**WHAT IS NEEDED**
Give an unaltered copy of the listing below, minus its pictures.
───── DATA TO USE ─────
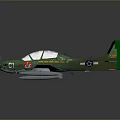 Detailed Green Aircraft Model with Propeller and Star Emblem in Aerospace Collection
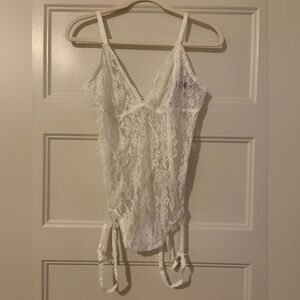 Adore Me White Lace Bodysuit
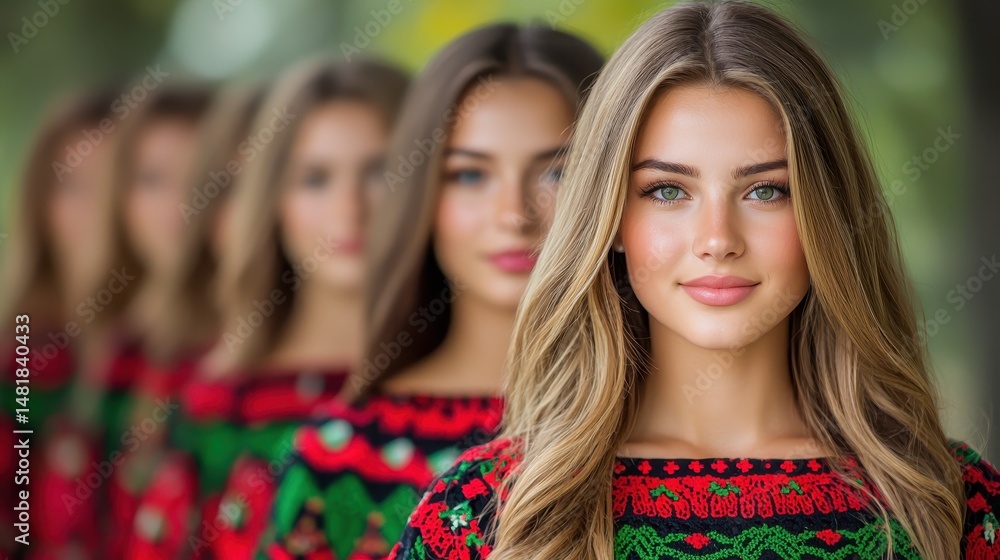Fototapeta premium Four Young Women in Red and Green Embroidered Tops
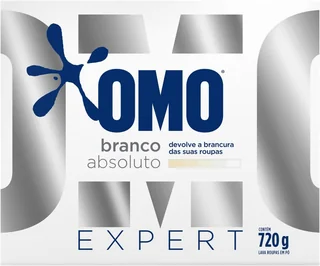 Lava-Roupas em Pó Omo Expert, Roupas Brancas, 720g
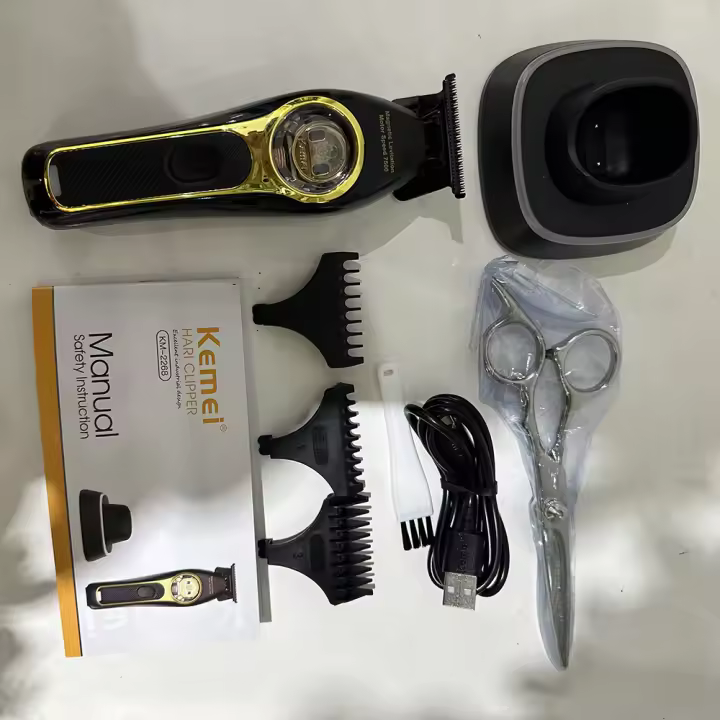 Cortacabello Eléctrico Inalámbrico Kemei 2268 Para Barbero Corte Rápido Recargable Con Líneas De Corte Cero Gaps Para Cabello Y Barba - 1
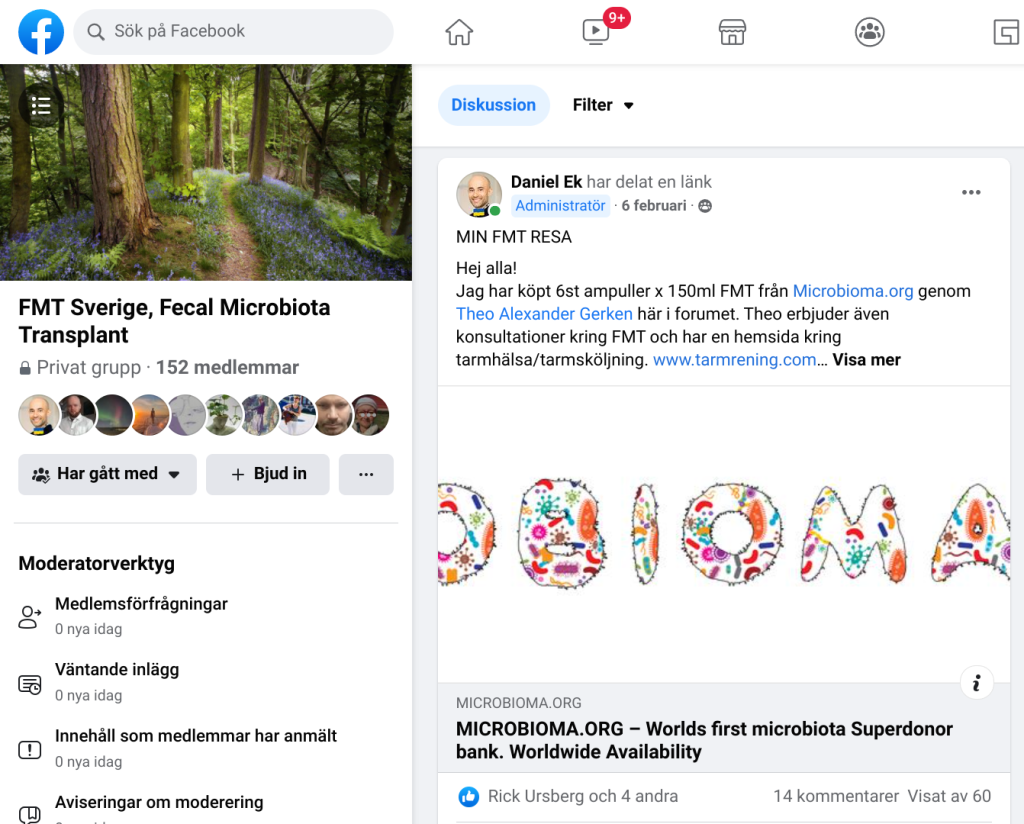 Facebook grupp FMT Sverige.  Daniel Ek beställde från microbioma.org via Theo Gerken.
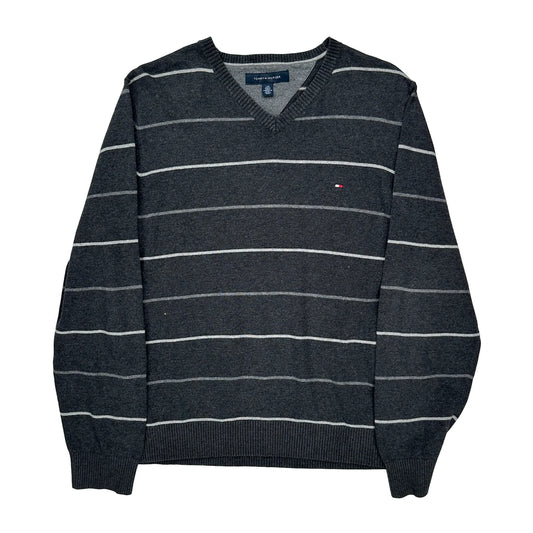 Tommy Hilfiger V-Neck Jumper - Large Grey Cotton Blend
─────
**TASK SOLUTION**
 Detailed Green Aircraft Model with Propeller and Star Emblem in Aerospace Collection
 Adore Me White Lace Bodysuit
Fototapeta premium Four Young Women in Red and Green Embroidered Tops
 Lava-Roupas em Pó Omo Expert, Roupas Brancas, 720g
 Cortacabello Eléctrico Inalámbrico Kemei 2268 Para Barbero Corte Rápido Recargable Con Líneas De Corte Cero Gaps Para Cabello Y Barba - 1
 Facebook grupp FMT Sverige.  Daniel Ek beställde från microbioma.org via Theo Gerken.
 Tommy Hilfiger V-Neck Jumper - Large Grey Cotton Blend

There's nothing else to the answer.